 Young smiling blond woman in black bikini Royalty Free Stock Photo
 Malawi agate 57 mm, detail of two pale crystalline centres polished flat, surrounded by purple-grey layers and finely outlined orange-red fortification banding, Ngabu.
::::
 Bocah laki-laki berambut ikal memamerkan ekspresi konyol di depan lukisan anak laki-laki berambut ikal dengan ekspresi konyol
::::
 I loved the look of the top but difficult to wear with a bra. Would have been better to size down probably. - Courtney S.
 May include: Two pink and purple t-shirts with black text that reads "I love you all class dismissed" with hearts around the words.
::::
Go back to the listing above. Copy word for word the lines from the one with "Young smiling blond" through the one with "Malawi agate 57", and nothing more.

▶ _ANSWER FOR THIS EXERCISE_:
 Young smiling blond woman in black bikini Royalty Free Stock Photo
 Malawi agate 57 mm, detail of two pale crystalline centres polished flat, surrounded by purple-grey layers and finely outlined orange-red fortification banding, Ngabu.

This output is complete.